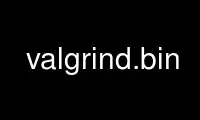 Run valgrind.bin in OnWorks free hosting provider over Ubuntu Online, Fedora Online, Windows online emulator or MAC OS online emulator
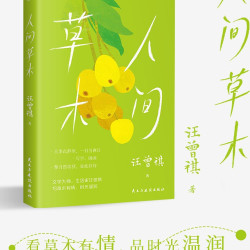 正版人间草木人间有味汪曾祺人间系列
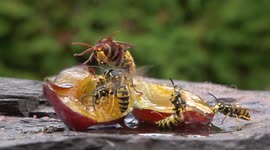 Hornet And Wasp Fight Over Sugary Fruit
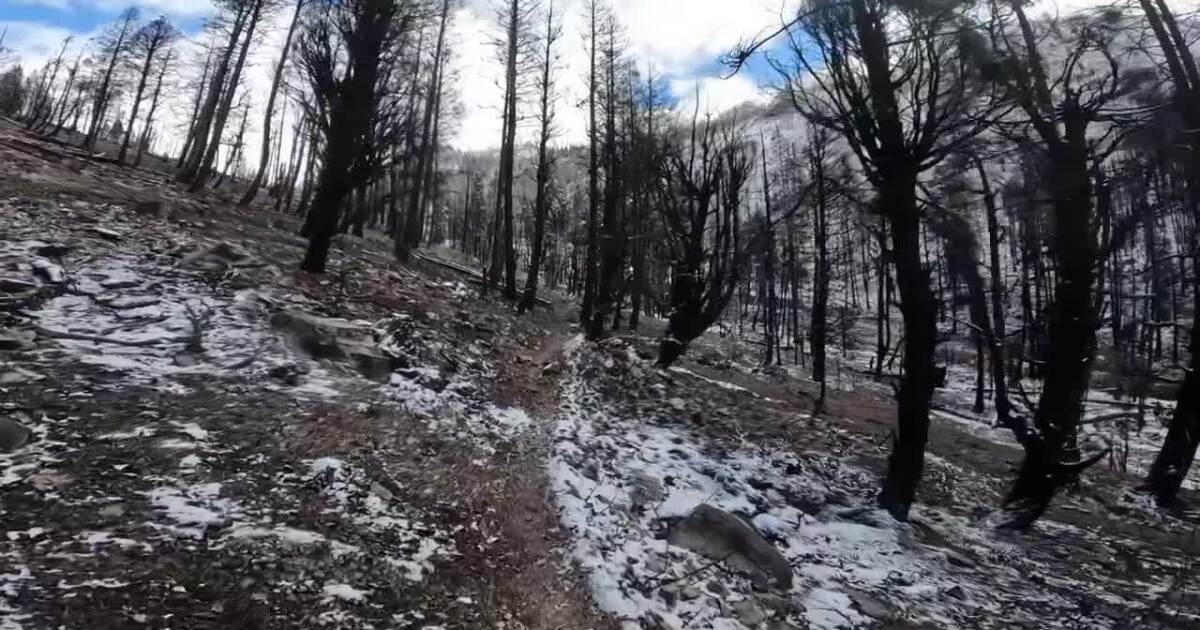 Checking out Grandjean after the Wapiti Fire scorched this landscape [Video]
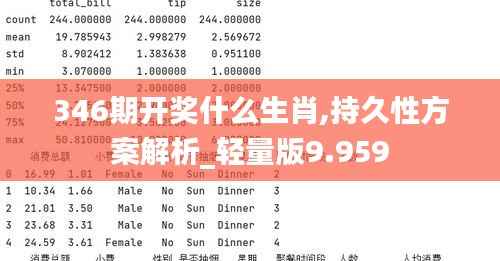 346期开奖什么生肖,持久性方案解析_轻量版9.959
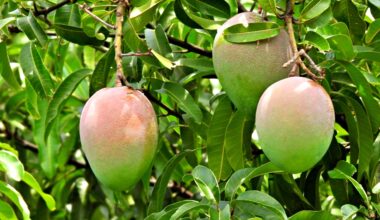 Small Industry, Big Impact: Florida Leads U.S. Mango Production
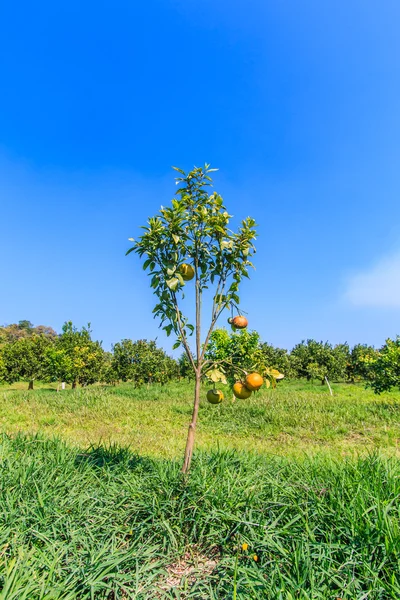 Árbol maduro de mandarinas —  Fotos de Stock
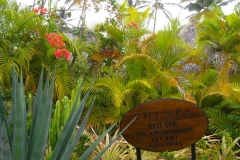 paradisus-palma-real-gartenanlage_4290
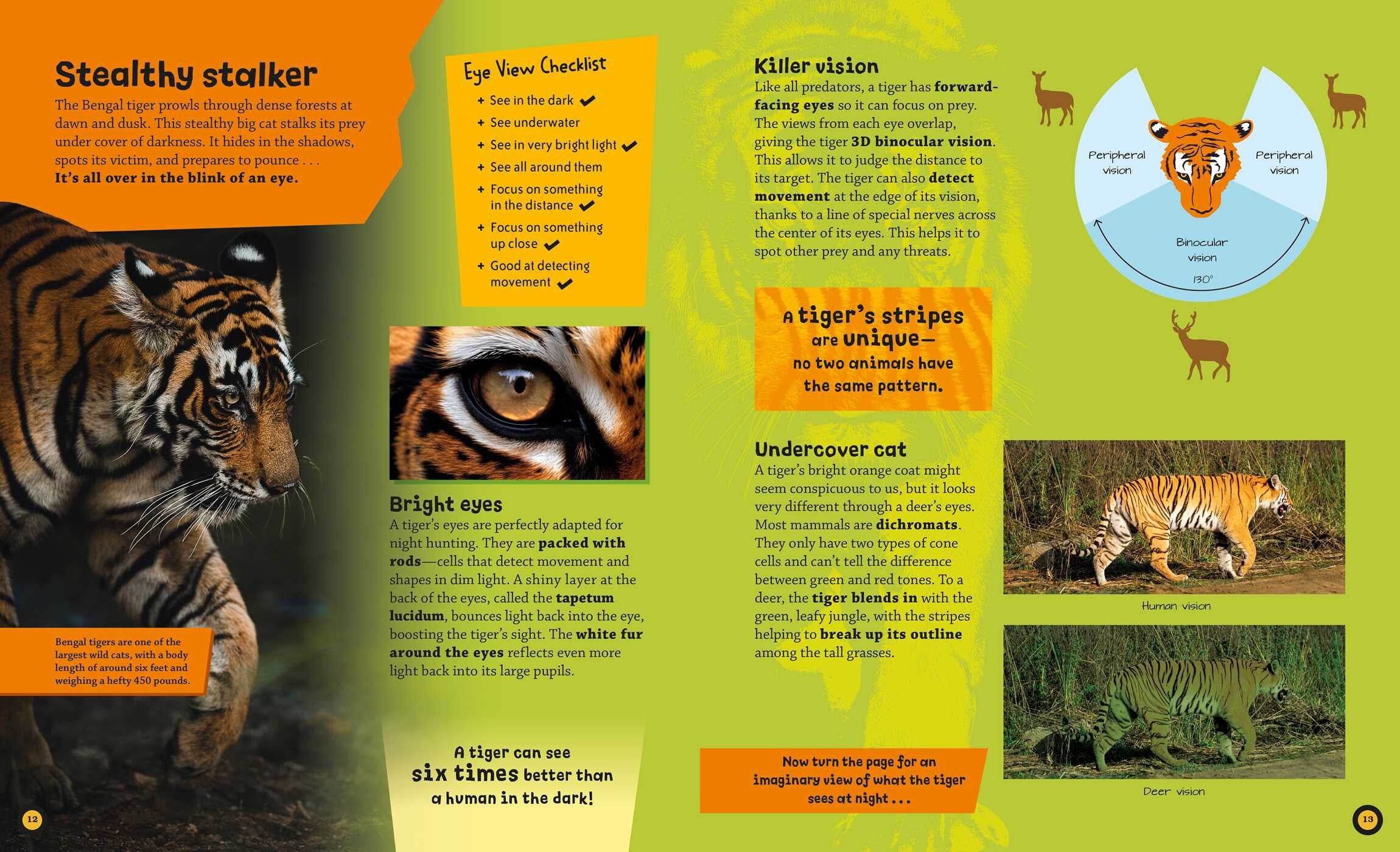 Eye View: Jungle Animals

_ _ _ _ _ _ _

Repeat exactly the lines above, from the line containing "Árbol maduro de" through the last line of the records, inclusive; omit any pictures.

 Árbol maduro de mandarinas —  Fotos de Stock
 paradisus-palma-real-gartenanlage_4290
 Eye View: Jungle Animals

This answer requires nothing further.